Posted: Wednesday 17 November 2010
The Polish mathematician Benoit Mandelbrot died on the 14th October of this year, aged 85. He is best known for his discovery of mathematical formulae which describe fractal shapes, and for the iconic picture of one of them, known as the Mandelbrot Set (pictured). Fractals have the remarkable property of having the same degree of detail in their outline, no matter how often they are magnified. If you zoom in on one edge of the computer–generated image of a fractal set you will keep seeing smaller versions which grow larger, and be able to keep zooming in forever without the shape becoming any simpler.
There are several reasons why fractal geometry is important, and not just a mathematical curiosity. Despite the complexity of the shapes, the formulae which produce them are disarmingly simple. They are iterative equations which are in more general cases central to our understanding of the boundaries between order and randomness. Chaos Theory is a new science which attempts to explain many natural phenomena which have resisted all of our attempts to model them using computer simulation, and fractals are a good analogy for what may be going on here.

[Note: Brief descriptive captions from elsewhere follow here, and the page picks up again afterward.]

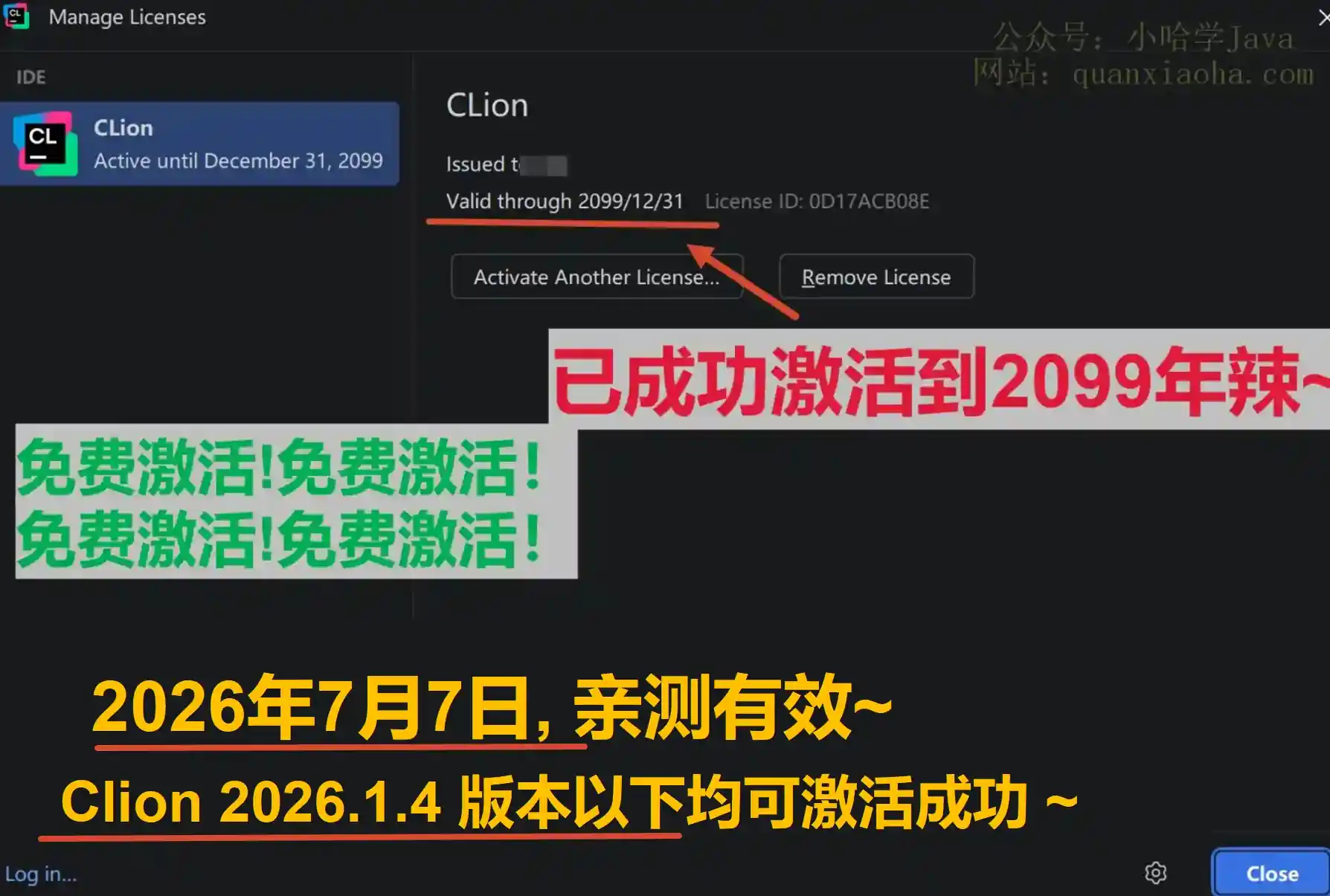 Clion 2026.1.4 版本成功截图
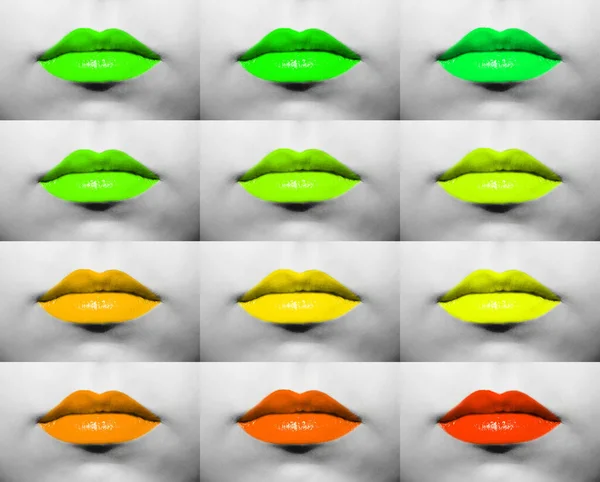 Macro Collectie Van Vrouwelijke Lippen Met Lippenstift Verschillende Groene Lichtgroene — Stockfoto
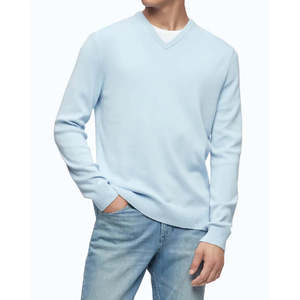 Maglione Calvin Klein da Uomo in Lana Merino con Scollo a V Blu Taglia Grande Autunnale Lavorato a Maglia con Ricamo 3D Stampa Leopardata Maniche Lunghe - Product Image 1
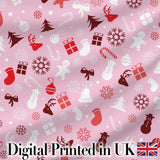 Festive Christmas  Reindeer Gift Candy Cane Seamless Pattern Digital Print Fabric by the Metre UK Sewing Quilting Textile
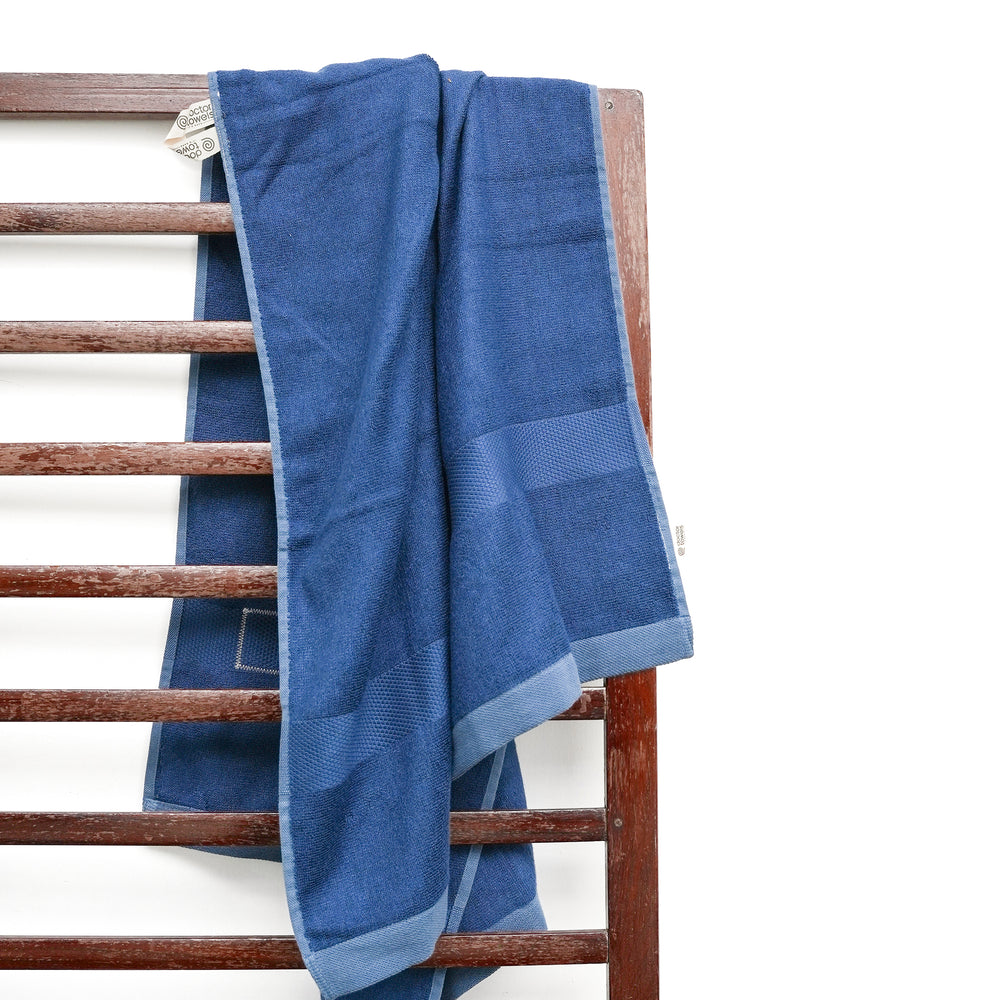 Banana Super Light Weight Terry Bath Towels | 400 GSM | Pack of 2 - Delicate Blue & French Blue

Consider the process you go through in learning about something in science, for example how chemical reactions work. To begin with you need to understand that the world is composed of chemical elements, which have different properties. Going deeper, you learn that these elements can combine to form compounds, which again have different properties. Under certain conditions these compounds can react with each other. Going deeper you learn about the nature of bonding, and activation energy, enthalpy and entropy and consider ‘equilibrium’. Moving deeper still you find that reaction rates can be controlled by surface chemistry and crystal defects, by diffusion and by the pressure and temperature conditions. You can keep on looking and find that sadly, equilibrium is only a crude approximation and that a kind of apparent static equilibrium may be operating, or maybe all reactions are really non-equilibrium processes. No matter how deep you look, or hard you think... there is always a further level of complexity which can be explored.
Much scientific work in the last two centuries has been an attempt to simplify, categorise and put in neat pigeon-holes everything that we see around us (‘All science is either physics or stamp-collecting’ – Ernest Rutherford). But new models of natural processes are beginning to accept that there is a degree of randomness which controls the final outcome. Paradoxically, small changes in starting conditions can lead to massive changes in the end result, and while this may lead one to assume that natural processes are totally random, in fact they may often keep tracking towards a set number of possible outcomes or ‘attractors’. The same Mandelbrot Set is always produced from the relevant equations, and so it is really a picture of a small area of order or ‘anti-chaos’ within the wider ‘chaos’. The challenge is to find the right equations to produce similar areas of anti-chaos representing what we actually see happening in chemical reactions, or in local weather patterns, or even in fluctuations in the stock market....
The power of that idea makes it likely that Mandelbrot’s name will be remembered for a very long time.